O comissário europeu da Economia e Produtividade, Execução e Simplificação defende que reduzir a burocracia e apostar na simplificação é fundamental para colocar a Europa a crescer mais. Valdis Dombrovskis alerta ainda que as obrigações regulamentares excessivas e redundantes fazem aumentar os custos, dissuadem o investimento e desviam recursos da inovação.
“A economia europeia precisa de menos burocracia e de mais crescimento.

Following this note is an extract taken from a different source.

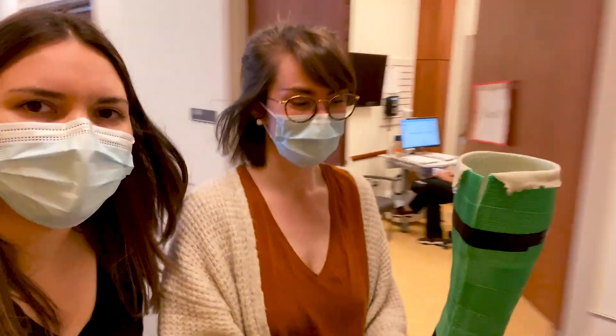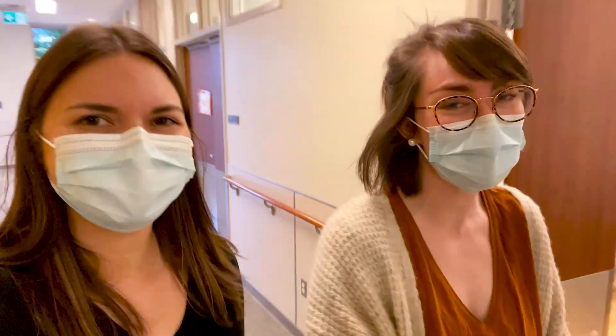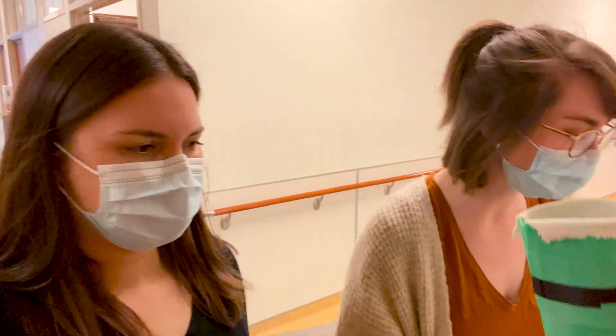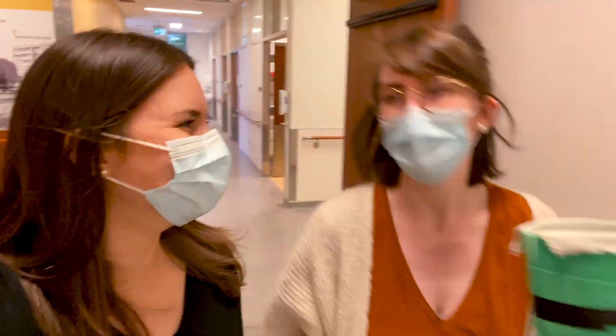We do have a lot of different colors of scotch cast. I always tell patients this one is just for me to keep — they don't get to keep this, so you just choose whatever color is handy. But sometimes if a kid really wants red, I will find red scotch cast and we can cast them in that color.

Durante o último ano, a Comissão Europeia tem vindo a executar um programa de simplificação inédito, tanto em termos de escala como de ambição, cujo objetivo último é fazer com que as nossas regras funcionem a favor dos nossos cidadãos, das nossas empresas e do nosso crescimento”, escreve Valdis Dombrovskis num artigo de opinião publicado este domingo no ECO.
Após uma cimeira informal dos líderes europeus onde a competitividade da Europa foi o tema central, o comissário europeu defende as vantagens para aumentar a atratividade da Europa como recetor de investimento, explicando quais os passos que têm sido dados nesse sentido na União Europeia.
Recordando que Bruxelas tem em discussão dez propostas que, estima, deverão resultar em poupanças anuais de, pelo menos, 15 mil milhões de euros para as empresas da UE, promete acelerar a aposta na desburocratização. “Elevámos o programa de simplificação a um novo nível: até ao final de 2029, passaremos em revista todo o acervo legislativo da UE para identificar e eliminar requisitos obsoletos, redundantes e desnecessários. Todos os setores serão examinados. Nenhum aspeto será descurado. Esta é a “limpeza a fundo” que pediu a presidente Ursula von der Leyen“, refere.
Até ao final de 2029, passaremos em revista todo o acervo legislativo da UE para identificar e eliminar requisitos obsoletos, redundantes e desnecessários. Todos os setores serão examinados.
Porém, adverte que o executivo comunitário não pode concretizar esta simplificação sozinho, apelando por isso a que “as instituições nacionais e as instituições da UE consigam resultados à altura da ambição, desde a elaboração da legislação em Bruxelas até à sua aplicação no terreno”.
“Pela nossa parte, fizemos da simplificação um aspeto central do trabalho da Comissão Europeia, sem excluir nenhum domínio de intervenção. À semelhança do ano passado, a maioria das nossas propostas em 2026 comportará uma forte dimensão de simplificação. Além disso, o número de atos delegados e de execução inicialmente previsto para 2026 será reduzido 30%”, aponta.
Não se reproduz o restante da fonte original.